Filter the data below for the string "fireplace" and copy each matching line.

RECORDS TO PROCESS:
+---+
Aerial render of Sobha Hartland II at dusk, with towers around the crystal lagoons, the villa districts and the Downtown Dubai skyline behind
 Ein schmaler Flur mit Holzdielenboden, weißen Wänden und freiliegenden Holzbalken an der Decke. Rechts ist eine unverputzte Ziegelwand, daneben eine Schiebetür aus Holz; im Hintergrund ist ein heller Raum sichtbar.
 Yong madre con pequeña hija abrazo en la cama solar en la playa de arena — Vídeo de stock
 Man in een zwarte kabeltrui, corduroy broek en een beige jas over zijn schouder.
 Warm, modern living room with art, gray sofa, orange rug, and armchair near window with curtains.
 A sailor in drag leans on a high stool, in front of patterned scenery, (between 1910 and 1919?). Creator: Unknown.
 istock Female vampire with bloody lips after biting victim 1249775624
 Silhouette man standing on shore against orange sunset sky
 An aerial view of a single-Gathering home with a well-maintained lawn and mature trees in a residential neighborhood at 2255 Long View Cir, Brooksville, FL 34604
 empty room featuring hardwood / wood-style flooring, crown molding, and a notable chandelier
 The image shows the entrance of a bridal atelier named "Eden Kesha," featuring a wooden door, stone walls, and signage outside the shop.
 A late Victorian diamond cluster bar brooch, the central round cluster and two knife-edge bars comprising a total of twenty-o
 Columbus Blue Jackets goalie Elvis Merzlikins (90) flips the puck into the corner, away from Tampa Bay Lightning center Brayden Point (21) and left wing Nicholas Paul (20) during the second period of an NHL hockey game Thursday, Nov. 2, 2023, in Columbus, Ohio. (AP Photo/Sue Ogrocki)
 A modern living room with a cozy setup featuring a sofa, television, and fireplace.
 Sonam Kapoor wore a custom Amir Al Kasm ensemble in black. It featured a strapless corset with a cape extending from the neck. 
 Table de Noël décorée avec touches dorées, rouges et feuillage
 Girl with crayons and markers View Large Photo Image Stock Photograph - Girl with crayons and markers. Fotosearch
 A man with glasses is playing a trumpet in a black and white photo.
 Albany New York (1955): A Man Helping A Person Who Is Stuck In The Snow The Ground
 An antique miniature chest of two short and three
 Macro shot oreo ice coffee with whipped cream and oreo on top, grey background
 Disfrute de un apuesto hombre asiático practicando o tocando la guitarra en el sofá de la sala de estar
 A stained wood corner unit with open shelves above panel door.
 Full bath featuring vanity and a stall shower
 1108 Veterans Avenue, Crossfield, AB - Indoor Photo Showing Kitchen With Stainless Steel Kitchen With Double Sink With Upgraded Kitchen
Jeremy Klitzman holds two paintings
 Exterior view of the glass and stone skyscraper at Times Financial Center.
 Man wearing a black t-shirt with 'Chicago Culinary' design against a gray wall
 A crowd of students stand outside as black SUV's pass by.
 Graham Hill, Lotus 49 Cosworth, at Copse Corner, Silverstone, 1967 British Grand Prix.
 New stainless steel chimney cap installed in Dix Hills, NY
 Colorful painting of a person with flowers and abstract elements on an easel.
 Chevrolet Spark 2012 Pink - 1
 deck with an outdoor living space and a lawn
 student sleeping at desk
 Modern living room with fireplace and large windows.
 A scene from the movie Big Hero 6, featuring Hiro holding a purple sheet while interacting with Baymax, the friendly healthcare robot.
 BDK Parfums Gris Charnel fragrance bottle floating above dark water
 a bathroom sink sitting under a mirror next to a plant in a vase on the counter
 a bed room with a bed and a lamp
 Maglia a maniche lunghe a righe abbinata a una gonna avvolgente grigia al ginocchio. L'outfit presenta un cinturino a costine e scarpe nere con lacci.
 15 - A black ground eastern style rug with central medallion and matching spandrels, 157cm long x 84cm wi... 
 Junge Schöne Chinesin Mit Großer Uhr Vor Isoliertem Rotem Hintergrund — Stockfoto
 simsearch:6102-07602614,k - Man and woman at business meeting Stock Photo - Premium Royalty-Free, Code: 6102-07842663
+---+
RESULT FOR THIS TASK:
 A modern living room with a cozy setup featuring a sofa, television, and fireplace.
 Modern living room with fireplace and large windows.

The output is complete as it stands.